▸ **Work to be completed**
What is needed is an exact reproduction of the listing, without its pictures.

▸ **Data below**
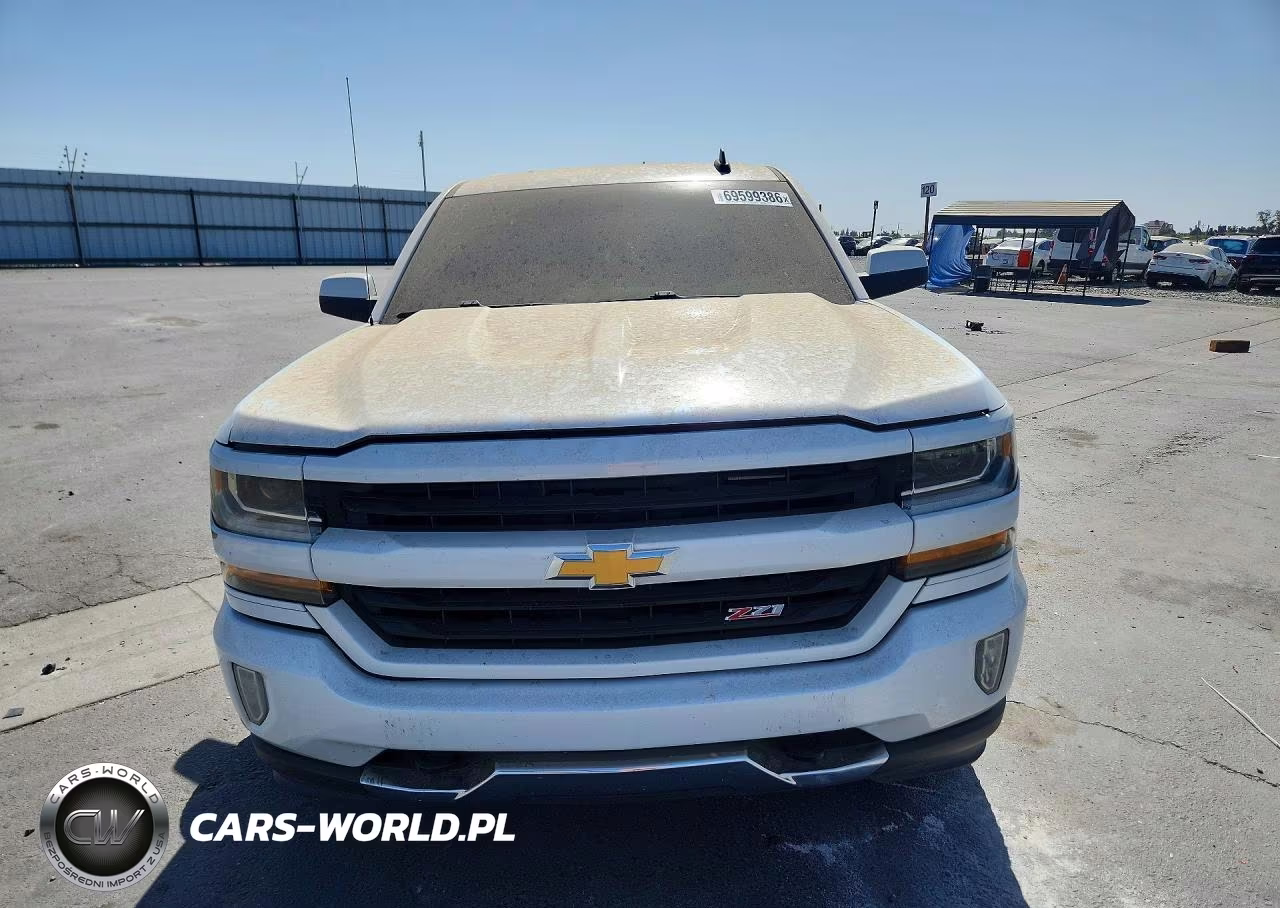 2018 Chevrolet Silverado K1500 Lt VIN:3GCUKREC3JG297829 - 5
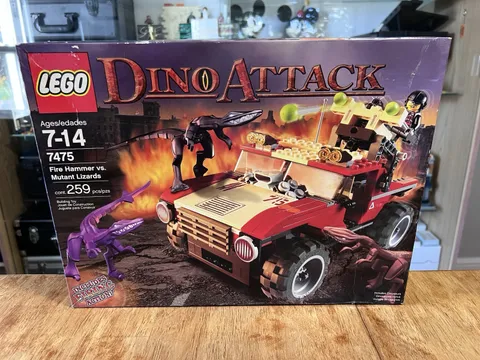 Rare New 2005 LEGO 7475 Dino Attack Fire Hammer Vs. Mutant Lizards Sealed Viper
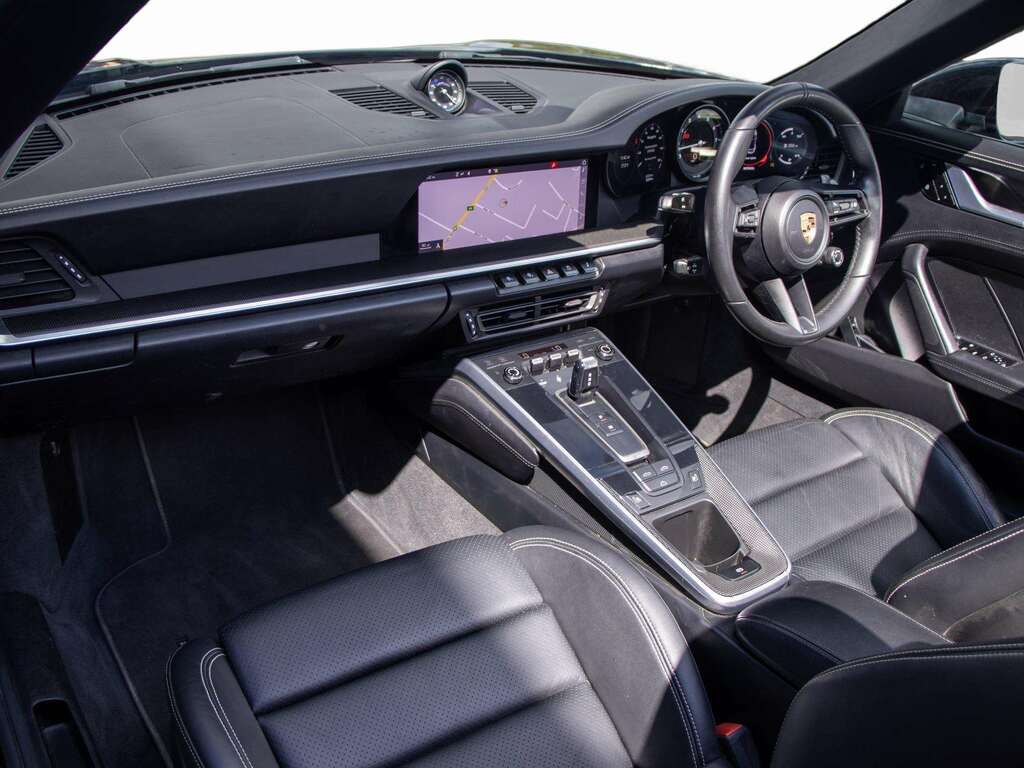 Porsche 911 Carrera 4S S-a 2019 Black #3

▸ **Response**
 2018 Chevrolet Silverado K1500 Lt VIN:3GCUKREC3JG297829 - 5
 Rare New 2005 LEGO 7475 Dino Attack Fire Hammer Vs. Mutant Lizards Sealed Viper
 Porsche 911 Carrera 4S S-a 2019 Black #3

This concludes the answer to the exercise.